Revealed: The British exports that crush free expression

Made in Britain? Physicians for Human Rights (PHR) called for the immediate suspension of the use of excessive, indiscriminate and systematic use of tear gas against civilian protesters and densely populated Shia neighbourhoods citing its harmful effects to health.

Made in Britain? Physicians for Human Rights (PHR) called for the immediate suspension of the use of excessive, indiscriminate and systematic use of tear gas against civilian protesters and densely populated Shia neighbourhoods in Bahrain (Image: Iman Redha/Demotix)

The Arab Spring has not stopped Britain from helping crush free expression and freedom of assembly by selling crowd control gear to authoritarian states including Saudi Arabia and Bahrain.

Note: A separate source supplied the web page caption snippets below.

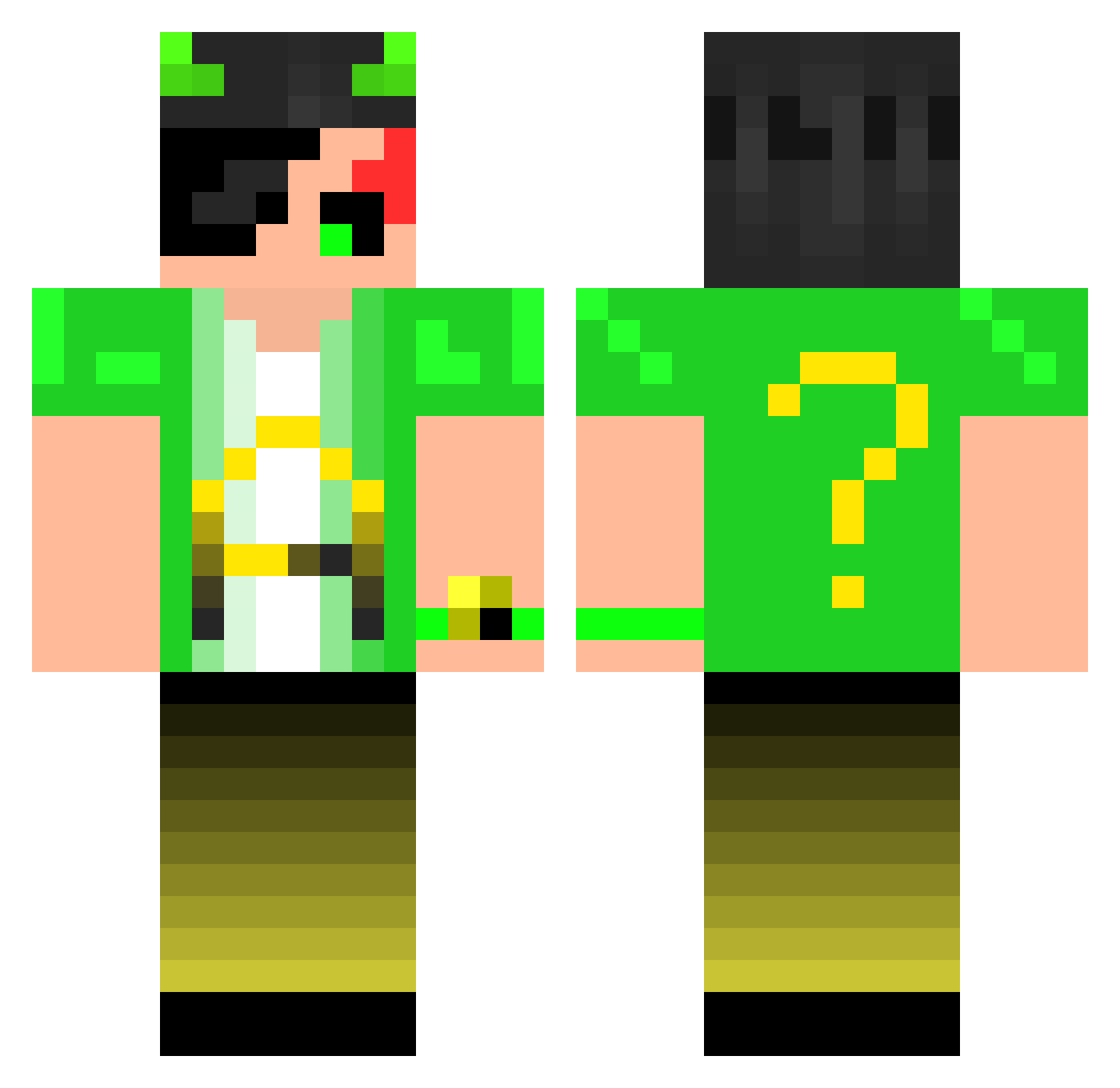 Aumous Minecraft skin, front and back view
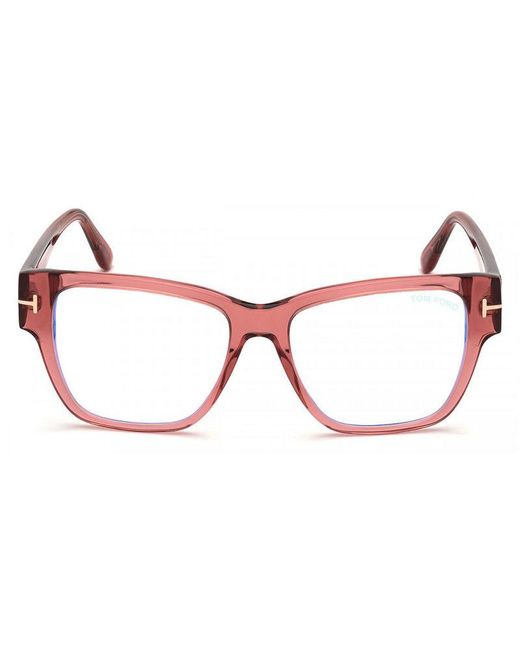 Tom Ford Red Eyeglasses Square Full Rim, Shiny Frame And Clear--Light Block Lenses Lens Ft5745-B001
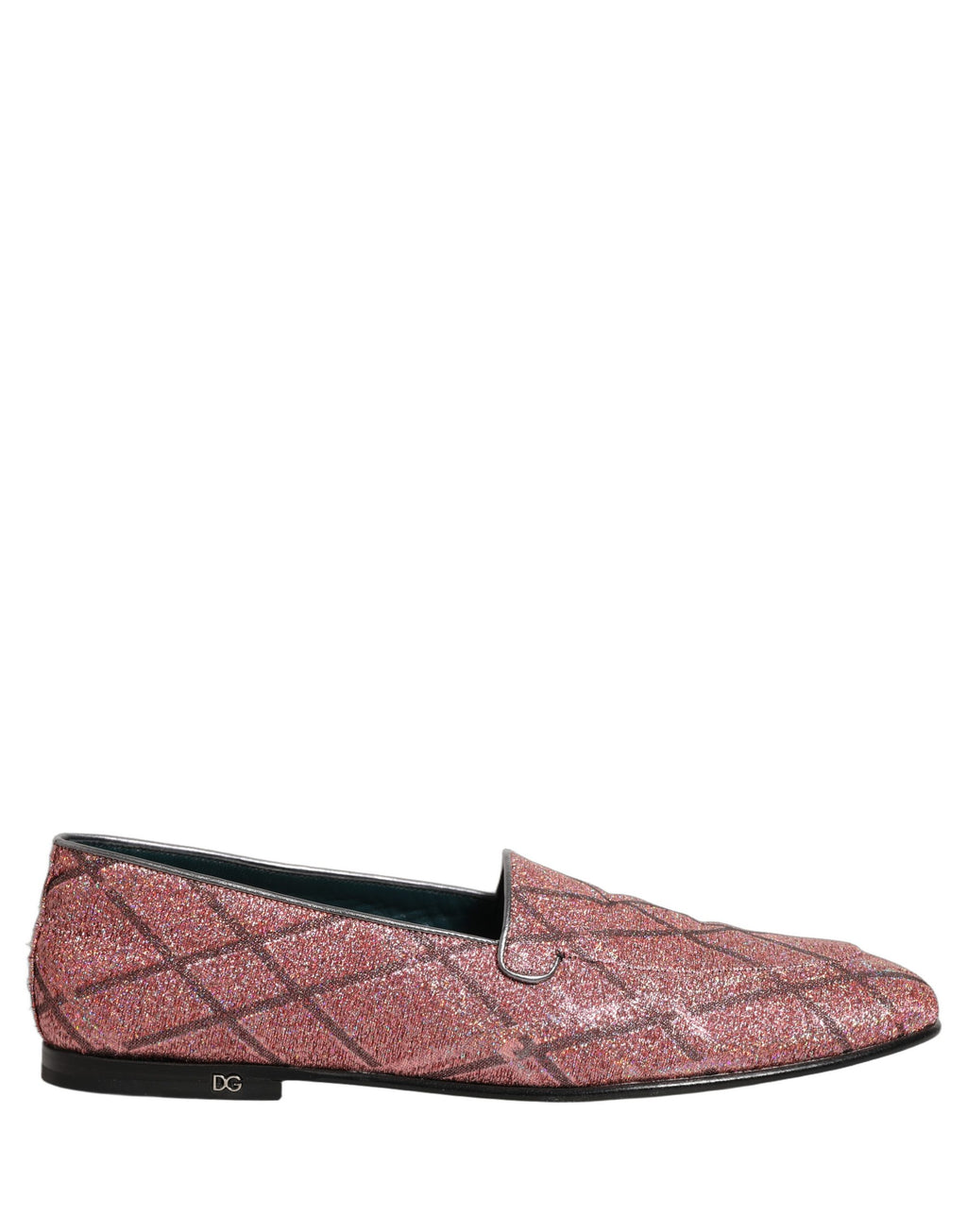Dolce & Gabbana Pink Check Glitter Lurex Logo Loafers Schuhe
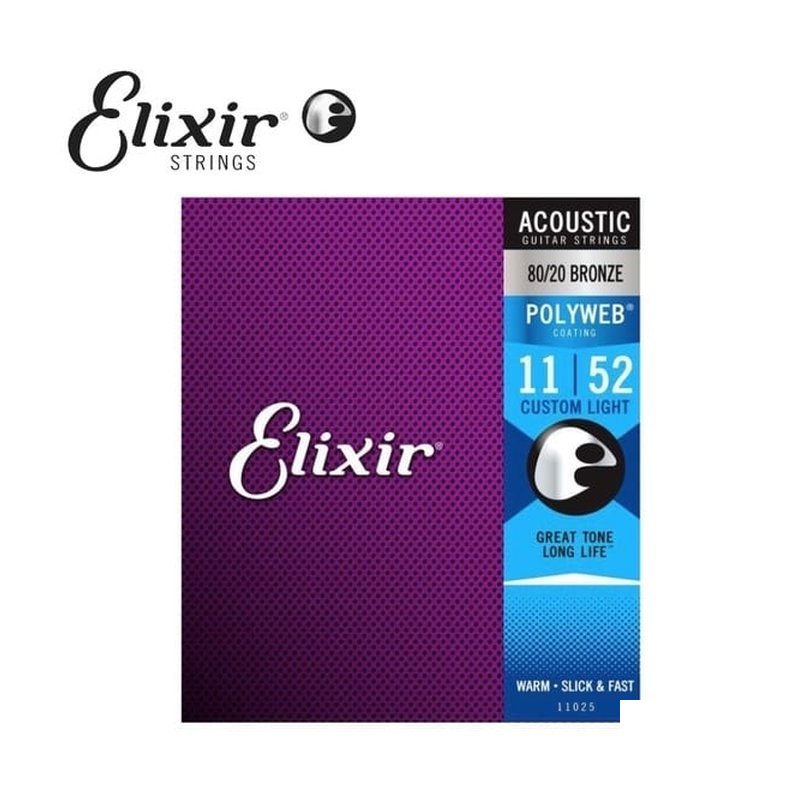 Elixir Elixir POLYWEB 80/20 BRONZE 11025 11-52 黃銅 木吉他弦 套弦 — 三峽木吉他 / 民謠吉他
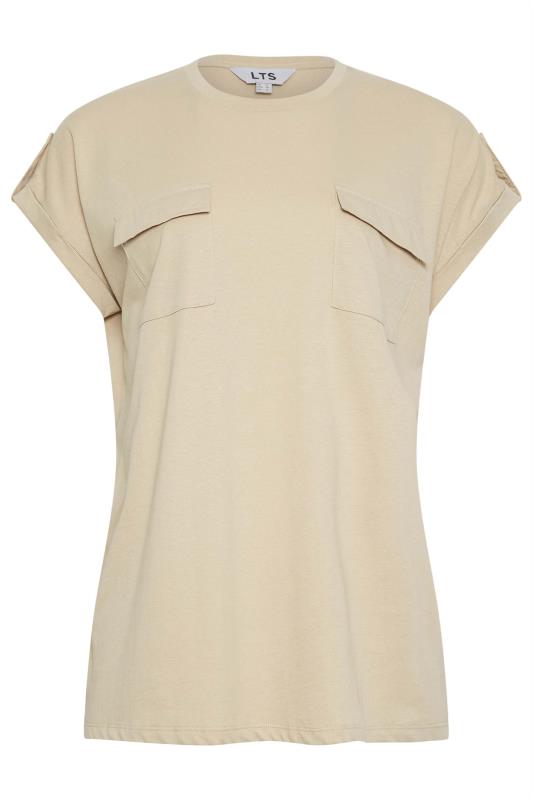 LTS Tall Women's Natural Brown Pocket Detail Cotton T-Shirt | Long Tall Sally 6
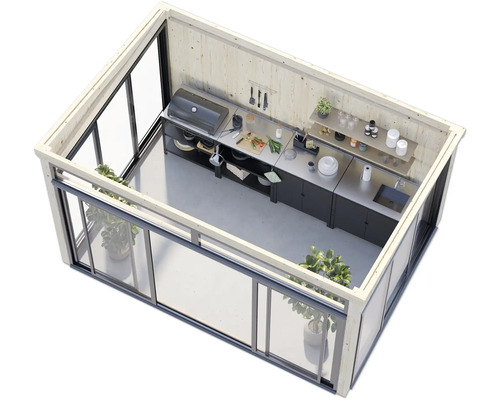 Cuisine d'extérieur moderne avec barbecue, plan de travail et évier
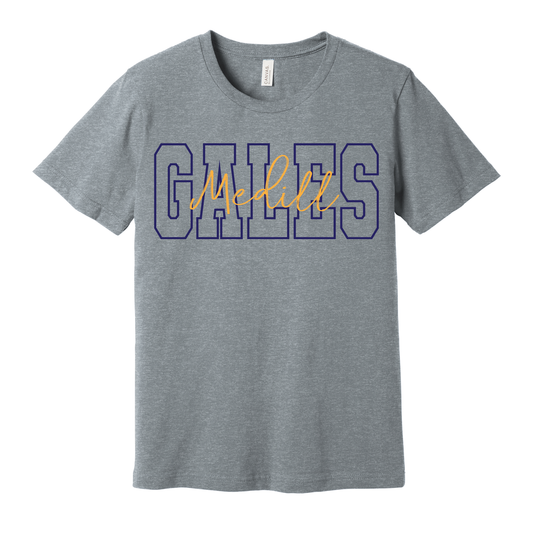 Medill Gales Tee | Grey • Navy • Gold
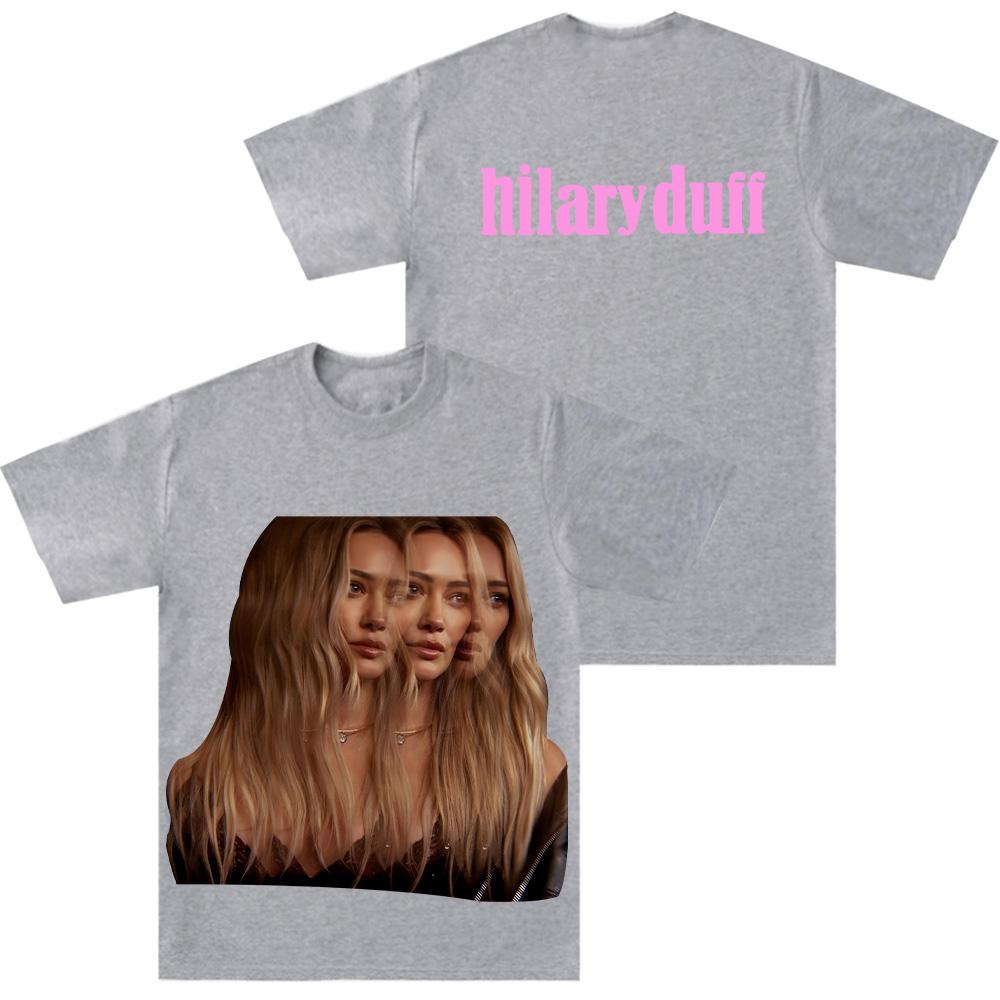 

Hilary Duff Mature Photo Tee ONeck Short Sleeve Fans Gift T Shirt WOMEN Unisex Cotton High Quality Tshirt Fashion Comfort Y2K Top 4XL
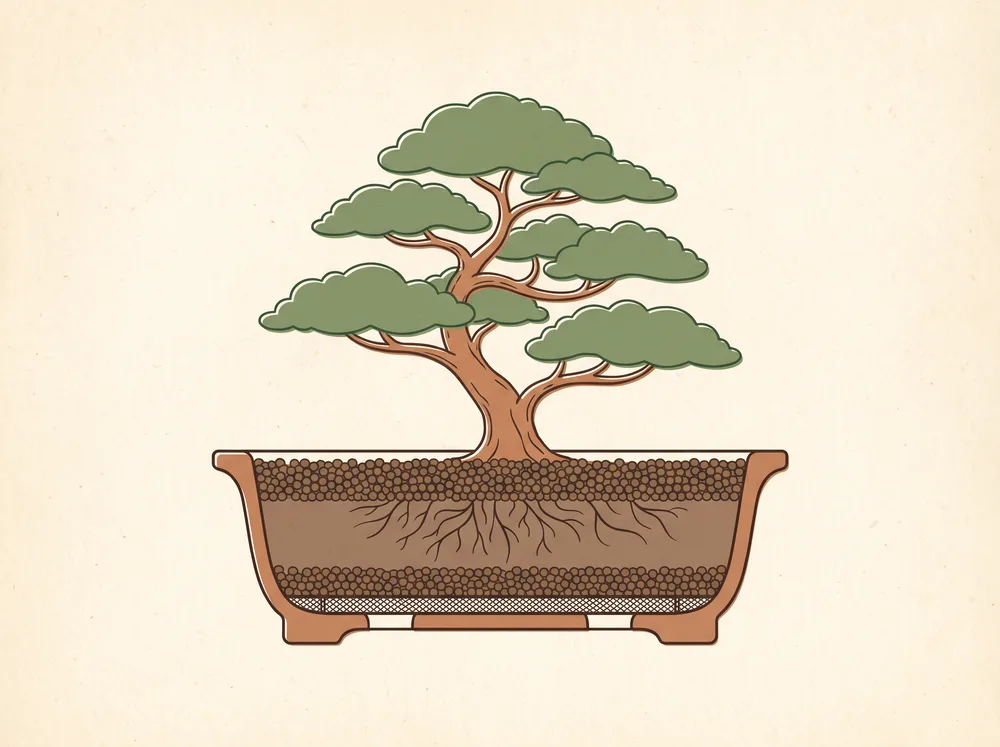 Cross-section illustration of a bonsai pot showing roots threading between uniform granular soil particles from surface to drainage holes.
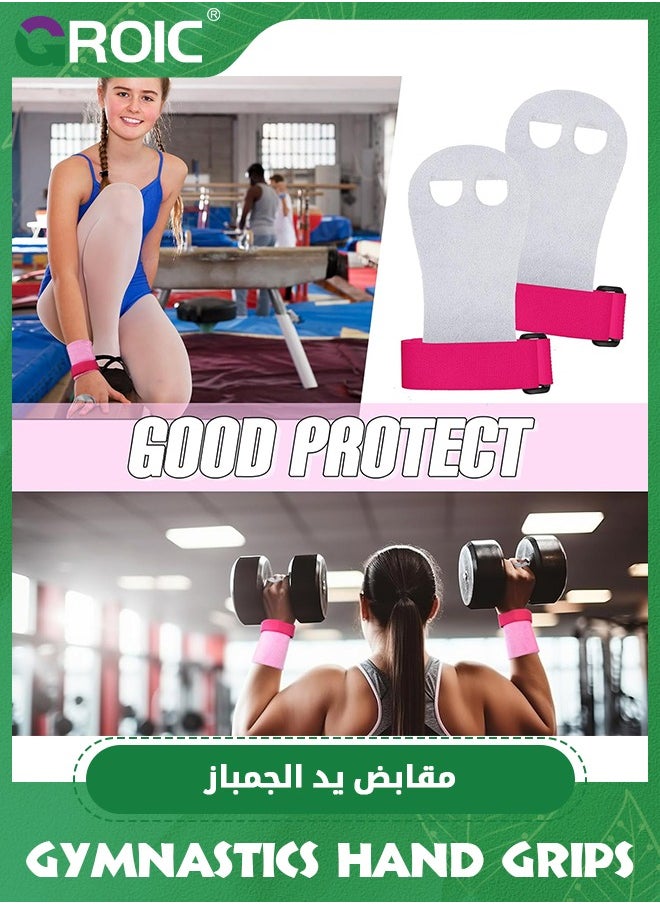 GROIC 4 Pieces Gymnastics Grips Pink Gymnastic Hand Grips Athletic Pink Wrist Bands Terry Cloth Sweat Bands Girls Sports Accessories for Kids Basketball Tennis Football Baseball, M  - Image 4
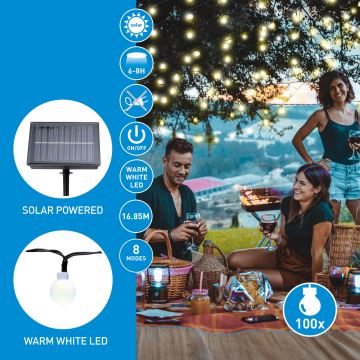 Grundig - LED Saules enerģijas virtene 100xLED/8 funkcijas 16,85m silti balta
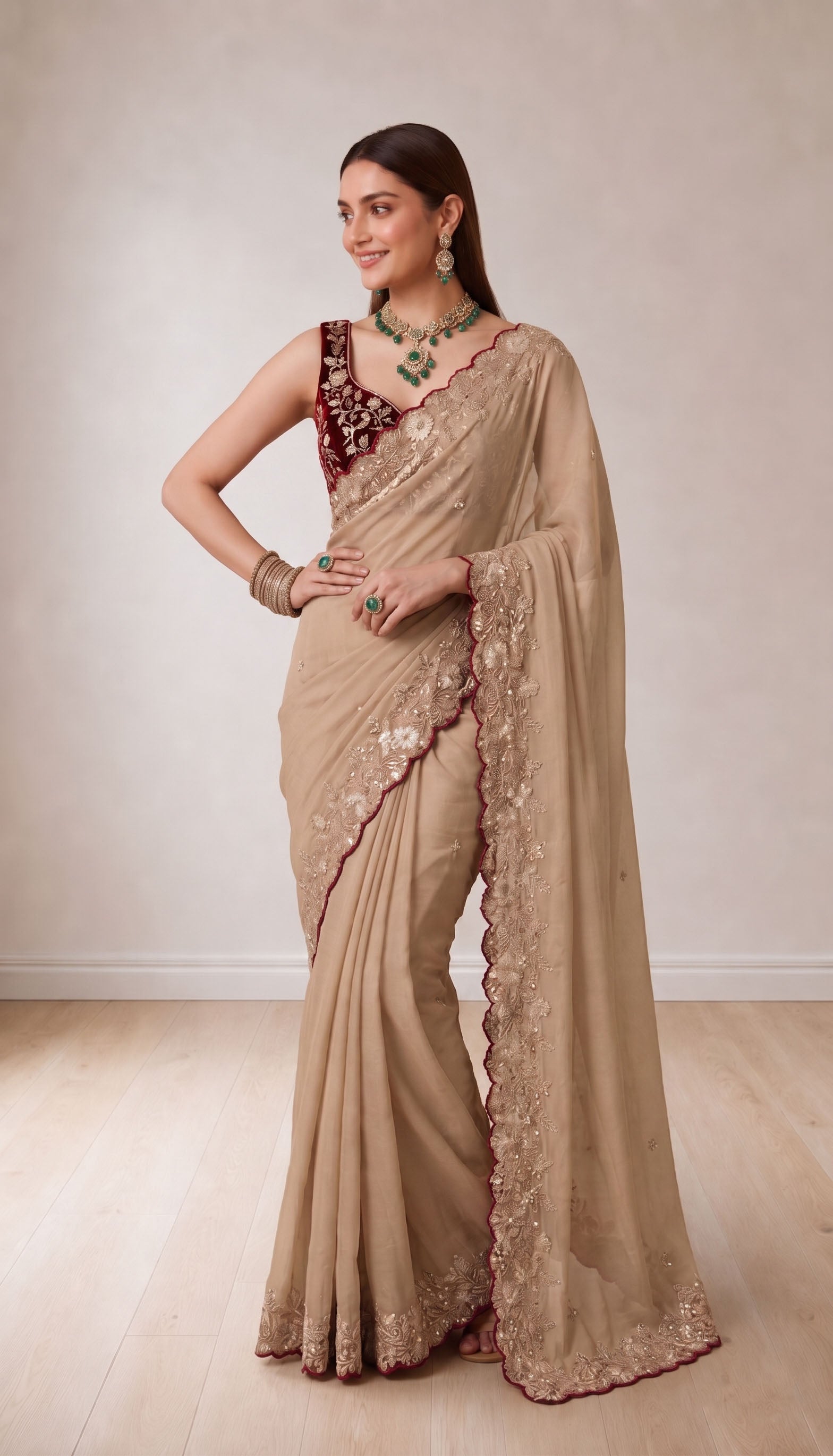 Pure Star Georgette Saree with Cutwork Border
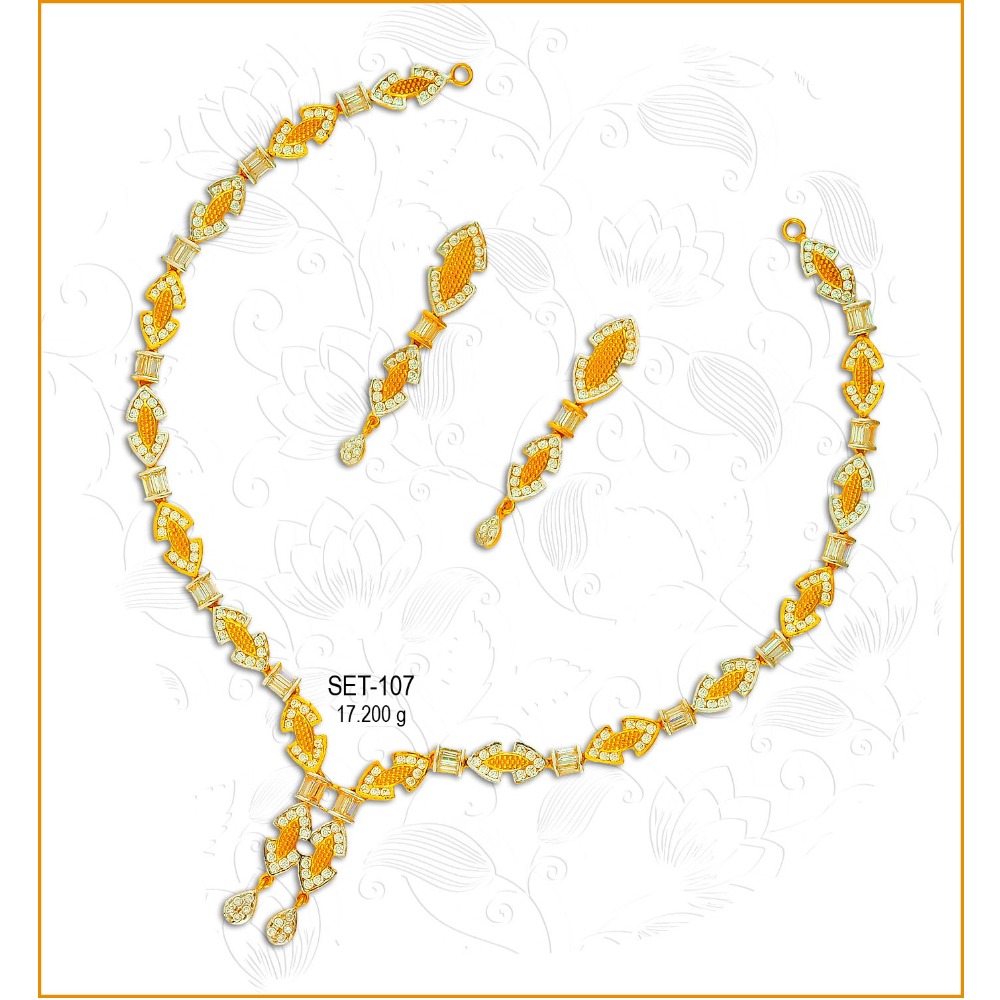 22KT Gold Fancy CZ Diamond Necklace Set-107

Analysis of newly-published data on export licences approved by the UK government have revealed ministers backed over £4 million of tear gas, crowd control ammunition and CS hand grenade sales over the last two years to Saudi Arabia – one of the most repressive states in the world.

The British government also allowed crowd control ammunition to be sold to Malaysia and Oman, as well as tear gas to Hong Kong and Thailand.

It gave the green light to anti-riot and ballistic shields to four authoritarian regimes listed by the Economist Democratic Index:  the United Arab Emirates, Bahrain and Azerbaijan, as well as Saudi Arabia.

Its only refusal for an export licence in 2013 for equipment which could be used to suppress internal dissent was for an order of CS hand grenades and ‘tear gas/irritant ammunition’ to Turkey.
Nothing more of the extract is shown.